In a life that spanned nearly a century, and a career that lasted well over 60 years, Cicely Tyson broke ground over and over again.

Along the way, Tyson won countless awards, including three Emmys, an honorary Academy Award, a Peabody Award, and a Tony Award — just eight years ago. Sadly, Tyson passed away this week, at the age of 96. According to The New York Times, “her death was announced by her longtime manager, Larry Thompson, who provided no other details.”

The Times also provided a succinct summation of precisely what made Tyson such a special actress:

In a remarkable career of seven decades, Ms. Tyson broke ground for serious Black actors by refusing to take parts that demeaned Black people. She urged Black colleagues to do the same, and often went without work. She was critical of films and television programs that cast Black characters as criminal, servile or immoral, and insisted that African-Americans, even if poor or downtrodden, should be portrayed with dignity.

After years playing small roles in television and Off Broadway, her breakthrough came in 1972’s Sounder, where she played the matriarch of a family struggling to survive during the Great Depression after her husband (played by Paul Winfield) is arrested for stealing to feed his family.

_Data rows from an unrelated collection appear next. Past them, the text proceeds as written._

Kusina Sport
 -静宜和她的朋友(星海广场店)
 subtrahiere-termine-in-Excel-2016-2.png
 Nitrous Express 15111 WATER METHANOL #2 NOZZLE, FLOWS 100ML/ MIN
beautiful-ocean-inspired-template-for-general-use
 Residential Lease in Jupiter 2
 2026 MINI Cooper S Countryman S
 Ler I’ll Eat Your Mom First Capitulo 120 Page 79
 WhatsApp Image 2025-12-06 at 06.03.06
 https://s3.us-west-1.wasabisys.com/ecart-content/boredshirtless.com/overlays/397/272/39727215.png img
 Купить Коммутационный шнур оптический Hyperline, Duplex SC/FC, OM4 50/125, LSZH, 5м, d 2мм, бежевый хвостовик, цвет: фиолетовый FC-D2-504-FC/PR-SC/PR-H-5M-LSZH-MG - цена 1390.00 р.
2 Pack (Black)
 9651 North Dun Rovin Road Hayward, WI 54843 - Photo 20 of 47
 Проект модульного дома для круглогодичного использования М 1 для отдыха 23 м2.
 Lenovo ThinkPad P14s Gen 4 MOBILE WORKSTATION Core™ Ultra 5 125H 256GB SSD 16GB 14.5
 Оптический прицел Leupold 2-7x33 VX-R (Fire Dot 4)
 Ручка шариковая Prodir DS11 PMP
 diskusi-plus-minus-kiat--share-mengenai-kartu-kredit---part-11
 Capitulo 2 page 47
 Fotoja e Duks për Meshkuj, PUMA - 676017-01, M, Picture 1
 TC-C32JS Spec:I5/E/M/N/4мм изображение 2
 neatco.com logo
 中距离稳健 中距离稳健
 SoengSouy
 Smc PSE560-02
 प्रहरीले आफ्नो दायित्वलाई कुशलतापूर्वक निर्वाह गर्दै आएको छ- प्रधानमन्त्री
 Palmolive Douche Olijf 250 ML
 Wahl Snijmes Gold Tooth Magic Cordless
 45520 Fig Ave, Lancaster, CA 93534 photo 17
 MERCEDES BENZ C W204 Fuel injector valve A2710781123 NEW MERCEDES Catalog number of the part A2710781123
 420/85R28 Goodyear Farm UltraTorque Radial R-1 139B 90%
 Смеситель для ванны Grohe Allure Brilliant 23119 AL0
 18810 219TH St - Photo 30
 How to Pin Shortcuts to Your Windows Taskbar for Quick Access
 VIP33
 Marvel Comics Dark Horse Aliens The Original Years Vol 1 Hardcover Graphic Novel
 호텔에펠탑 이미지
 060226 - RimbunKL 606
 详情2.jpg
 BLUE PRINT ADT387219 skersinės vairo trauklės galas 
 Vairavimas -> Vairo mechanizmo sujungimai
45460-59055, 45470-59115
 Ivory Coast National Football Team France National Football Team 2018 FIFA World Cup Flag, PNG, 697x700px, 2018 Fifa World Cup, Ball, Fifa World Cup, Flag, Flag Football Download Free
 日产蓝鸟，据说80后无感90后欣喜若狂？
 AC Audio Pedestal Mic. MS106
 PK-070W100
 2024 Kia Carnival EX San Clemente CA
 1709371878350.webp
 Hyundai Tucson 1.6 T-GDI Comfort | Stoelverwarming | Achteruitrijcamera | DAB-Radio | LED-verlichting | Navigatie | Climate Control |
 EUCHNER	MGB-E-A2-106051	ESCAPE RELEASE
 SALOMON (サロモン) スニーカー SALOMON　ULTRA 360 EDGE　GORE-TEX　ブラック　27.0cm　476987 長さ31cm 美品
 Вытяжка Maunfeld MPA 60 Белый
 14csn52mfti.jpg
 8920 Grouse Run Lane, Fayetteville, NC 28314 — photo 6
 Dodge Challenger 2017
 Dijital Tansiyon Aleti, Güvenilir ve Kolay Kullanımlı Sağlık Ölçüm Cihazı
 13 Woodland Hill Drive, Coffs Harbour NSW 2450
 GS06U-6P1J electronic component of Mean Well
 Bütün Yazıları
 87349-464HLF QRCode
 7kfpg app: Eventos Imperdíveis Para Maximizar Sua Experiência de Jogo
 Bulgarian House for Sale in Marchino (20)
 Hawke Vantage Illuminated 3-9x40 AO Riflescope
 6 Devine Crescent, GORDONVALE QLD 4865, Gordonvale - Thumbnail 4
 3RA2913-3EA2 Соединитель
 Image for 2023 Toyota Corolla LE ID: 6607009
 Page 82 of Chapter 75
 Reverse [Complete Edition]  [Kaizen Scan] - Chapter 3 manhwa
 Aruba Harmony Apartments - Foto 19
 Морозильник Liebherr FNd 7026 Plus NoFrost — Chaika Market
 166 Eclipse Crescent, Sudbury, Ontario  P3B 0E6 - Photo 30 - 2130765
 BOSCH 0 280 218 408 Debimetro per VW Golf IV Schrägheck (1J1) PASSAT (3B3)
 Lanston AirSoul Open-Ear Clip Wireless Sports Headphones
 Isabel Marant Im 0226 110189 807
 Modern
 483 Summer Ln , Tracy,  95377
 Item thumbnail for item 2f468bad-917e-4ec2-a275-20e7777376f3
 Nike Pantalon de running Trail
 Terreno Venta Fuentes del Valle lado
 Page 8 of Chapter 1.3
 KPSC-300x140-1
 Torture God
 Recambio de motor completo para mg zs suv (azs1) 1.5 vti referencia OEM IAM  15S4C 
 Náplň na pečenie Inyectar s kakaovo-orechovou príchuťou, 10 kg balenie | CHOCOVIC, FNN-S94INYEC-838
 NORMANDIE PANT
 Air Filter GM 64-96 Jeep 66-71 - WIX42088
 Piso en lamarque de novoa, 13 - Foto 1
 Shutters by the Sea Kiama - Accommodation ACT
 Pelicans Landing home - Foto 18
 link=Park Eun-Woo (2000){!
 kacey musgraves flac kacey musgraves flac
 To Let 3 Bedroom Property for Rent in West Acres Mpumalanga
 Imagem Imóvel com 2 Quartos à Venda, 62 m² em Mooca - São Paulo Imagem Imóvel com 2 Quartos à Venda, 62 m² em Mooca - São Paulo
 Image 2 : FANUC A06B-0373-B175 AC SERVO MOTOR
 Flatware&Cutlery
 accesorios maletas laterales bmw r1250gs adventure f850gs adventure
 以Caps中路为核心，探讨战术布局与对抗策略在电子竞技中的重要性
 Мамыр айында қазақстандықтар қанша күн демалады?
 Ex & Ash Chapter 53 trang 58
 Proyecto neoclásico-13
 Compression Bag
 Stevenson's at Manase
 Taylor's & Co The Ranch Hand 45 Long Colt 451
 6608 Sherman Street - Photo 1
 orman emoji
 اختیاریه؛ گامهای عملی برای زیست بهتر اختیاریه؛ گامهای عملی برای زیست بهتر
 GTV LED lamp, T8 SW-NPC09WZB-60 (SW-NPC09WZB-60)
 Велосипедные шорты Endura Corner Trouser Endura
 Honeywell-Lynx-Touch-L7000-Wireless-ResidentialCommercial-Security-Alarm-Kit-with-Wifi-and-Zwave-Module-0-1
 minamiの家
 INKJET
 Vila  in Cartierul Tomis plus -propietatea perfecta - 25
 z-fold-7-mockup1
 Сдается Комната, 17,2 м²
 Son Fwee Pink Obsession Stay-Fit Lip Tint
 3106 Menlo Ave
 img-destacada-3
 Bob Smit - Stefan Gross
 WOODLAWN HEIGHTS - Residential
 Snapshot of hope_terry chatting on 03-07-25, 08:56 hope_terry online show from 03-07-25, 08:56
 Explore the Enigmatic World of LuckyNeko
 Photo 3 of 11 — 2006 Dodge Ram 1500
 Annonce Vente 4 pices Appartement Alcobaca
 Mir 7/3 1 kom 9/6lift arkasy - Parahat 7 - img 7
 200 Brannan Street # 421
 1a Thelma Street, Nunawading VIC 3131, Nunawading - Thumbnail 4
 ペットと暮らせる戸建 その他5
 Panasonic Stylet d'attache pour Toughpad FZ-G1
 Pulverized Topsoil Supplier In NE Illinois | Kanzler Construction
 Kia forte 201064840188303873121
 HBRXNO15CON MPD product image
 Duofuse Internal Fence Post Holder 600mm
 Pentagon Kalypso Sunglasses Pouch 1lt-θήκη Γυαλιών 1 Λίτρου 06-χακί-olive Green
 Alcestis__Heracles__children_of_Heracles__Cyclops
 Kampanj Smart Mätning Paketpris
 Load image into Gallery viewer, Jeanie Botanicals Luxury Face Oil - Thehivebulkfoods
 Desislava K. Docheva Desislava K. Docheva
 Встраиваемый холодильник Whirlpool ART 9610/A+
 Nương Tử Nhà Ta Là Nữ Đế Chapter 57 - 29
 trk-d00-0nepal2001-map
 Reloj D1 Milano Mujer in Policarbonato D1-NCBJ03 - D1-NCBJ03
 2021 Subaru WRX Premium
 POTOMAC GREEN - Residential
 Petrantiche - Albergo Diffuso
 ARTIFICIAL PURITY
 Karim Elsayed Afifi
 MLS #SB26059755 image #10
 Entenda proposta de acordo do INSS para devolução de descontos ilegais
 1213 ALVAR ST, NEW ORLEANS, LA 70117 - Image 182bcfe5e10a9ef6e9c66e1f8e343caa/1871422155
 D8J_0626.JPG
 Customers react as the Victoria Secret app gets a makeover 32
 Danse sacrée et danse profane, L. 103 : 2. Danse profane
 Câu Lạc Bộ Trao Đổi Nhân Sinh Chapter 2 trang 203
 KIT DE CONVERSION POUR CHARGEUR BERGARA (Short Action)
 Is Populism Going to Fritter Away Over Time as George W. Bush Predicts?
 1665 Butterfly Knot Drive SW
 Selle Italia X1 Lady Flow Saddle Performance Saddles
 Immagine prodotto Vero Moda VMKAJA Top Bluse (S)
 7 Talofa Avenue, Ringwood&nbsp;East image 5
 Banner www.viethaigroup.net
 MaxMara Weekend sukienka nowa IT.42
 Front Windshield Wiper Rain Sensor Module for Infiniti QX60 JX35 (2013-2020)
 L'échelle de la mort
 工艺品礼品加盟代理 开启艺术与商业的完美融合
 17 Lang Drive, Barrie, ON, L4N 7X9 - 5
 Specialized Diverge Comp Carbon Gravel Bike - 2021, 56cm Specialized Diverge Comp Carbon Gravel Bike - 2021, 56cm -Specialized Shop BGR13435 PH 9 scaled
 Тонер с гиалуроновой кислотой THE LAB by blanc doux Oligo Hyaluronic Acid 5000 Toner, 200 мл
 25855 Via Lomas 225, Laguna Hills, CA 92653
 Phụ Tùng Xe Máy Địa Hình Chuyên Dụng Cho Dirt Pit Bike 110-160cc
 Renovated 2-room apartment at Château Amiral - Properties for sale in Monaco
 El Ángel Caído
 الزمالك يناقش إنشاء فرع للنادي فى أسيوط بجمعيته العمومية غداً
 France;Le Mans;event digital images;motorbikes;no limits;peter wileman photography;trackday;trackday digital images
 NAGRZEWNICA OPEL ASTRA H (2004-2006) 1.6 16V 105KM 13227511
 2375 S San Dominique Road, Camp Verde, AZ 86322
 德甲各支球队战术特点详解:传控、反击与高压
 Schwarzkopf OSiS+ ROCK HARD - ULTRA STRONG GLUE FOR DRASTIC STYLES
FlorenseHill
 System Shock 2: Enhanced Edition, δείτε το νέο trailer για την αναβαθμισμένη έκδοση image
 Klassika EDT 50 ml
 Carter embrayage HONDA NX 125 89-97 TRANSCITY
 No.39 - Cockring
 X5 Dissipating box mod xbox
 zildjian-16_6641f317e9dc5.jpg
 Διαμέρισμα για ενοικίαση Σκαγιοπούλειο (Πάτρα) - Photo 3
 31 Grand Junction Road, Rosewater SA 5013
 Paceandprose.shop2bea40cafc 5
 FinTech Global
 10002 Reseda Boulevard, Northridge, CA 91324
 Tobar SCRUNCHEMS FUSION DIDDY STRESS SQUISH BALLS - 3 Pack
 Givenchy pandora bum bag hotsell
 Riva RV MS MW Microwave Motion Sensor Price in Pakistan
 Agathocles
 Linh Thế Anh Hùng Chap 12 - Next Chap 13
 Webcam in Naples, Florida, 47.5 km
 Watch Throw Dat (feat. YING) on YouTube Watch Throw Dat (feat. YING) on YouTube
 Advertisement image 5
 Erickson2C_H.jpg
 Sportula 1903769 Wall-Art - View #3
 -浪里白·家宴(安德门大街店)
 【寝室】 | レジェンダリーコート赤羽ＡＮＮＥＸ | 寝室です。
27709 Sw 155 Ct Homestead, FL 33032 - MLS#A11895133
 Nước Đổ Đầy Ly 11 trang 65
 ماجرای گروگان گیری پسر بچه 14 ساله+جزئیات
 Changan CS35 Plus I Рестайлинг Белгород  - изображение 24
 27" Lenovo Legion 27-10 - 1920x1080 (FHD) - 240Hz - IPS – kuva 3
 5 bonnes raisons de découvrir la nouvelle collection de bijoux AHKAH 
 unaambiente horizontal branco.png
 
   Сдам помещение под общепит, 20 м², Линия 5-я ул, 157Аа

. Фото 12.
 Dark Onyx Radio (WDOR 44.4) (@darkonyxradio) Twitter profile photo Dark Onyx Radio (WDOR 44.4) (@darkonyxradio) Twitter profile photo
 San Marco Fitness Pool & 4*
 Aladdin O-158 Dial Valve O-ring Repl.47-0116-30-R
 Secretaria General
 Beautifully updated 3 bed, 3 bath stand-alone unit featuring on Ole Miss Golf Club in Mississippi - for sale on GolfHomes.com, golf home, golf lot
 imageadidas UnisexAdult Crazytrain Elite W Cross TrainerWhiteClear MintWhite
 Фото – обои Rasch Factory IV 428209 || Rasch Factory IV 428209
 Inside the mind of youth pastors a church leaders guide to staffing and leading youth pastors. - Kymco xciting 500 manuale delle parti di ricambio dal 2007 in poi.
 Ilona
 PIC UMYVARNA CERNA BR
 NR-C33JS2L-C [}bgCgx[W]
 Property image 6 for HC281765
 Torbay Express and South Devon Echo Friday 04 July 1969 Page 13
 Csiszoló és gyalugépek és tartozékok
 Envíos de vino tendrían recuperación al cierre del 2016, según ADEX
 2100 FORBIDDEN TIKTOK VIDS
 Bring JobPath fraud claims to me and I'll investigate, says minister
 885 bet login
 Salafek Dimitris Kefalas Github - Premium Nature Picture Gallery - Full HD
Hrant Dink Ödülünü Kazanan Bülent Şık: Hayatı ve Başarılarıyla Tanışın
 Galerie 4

Both Tyson and Winfield were nominated for Oscars, along with the film’s screenplay, while Sounder itself was nominated for Best Picture. (It lost to The Godfather.)

Two years later, Tyson won an Emmy Award for the TV film The Autobiography of Miss Jane Pittman. She played the title character, a former slave who lives into her 100s to witness the rise of the Civil Rights Movement. Three years later, Tyson was nominated for another Emmy for her work in the iconic miniseries Roots. The following year, she was nominated again, this time for the limited series King, where she played Coretta Scott King. All in all, Tyson was nominated for 15 Emmys, including five in the last six years for her guest appearances on How to Get Away With Murder.

After a 30 year absence from Broadway, Tyson won a Tony in 2013 (at the age of 88) for her work in the revival of Horton Foote’s The Trip to Bountiful. The following year, Tyson reprised her role in a TV movie.

Tyson lived an incredible life and produced an equally impressive body of work. For further reading, you may want to check out Tyson’s autobiography, Just As I Am, which in a strange quirk of fate, was released just this week. Given her astounding career, that is a fitting title.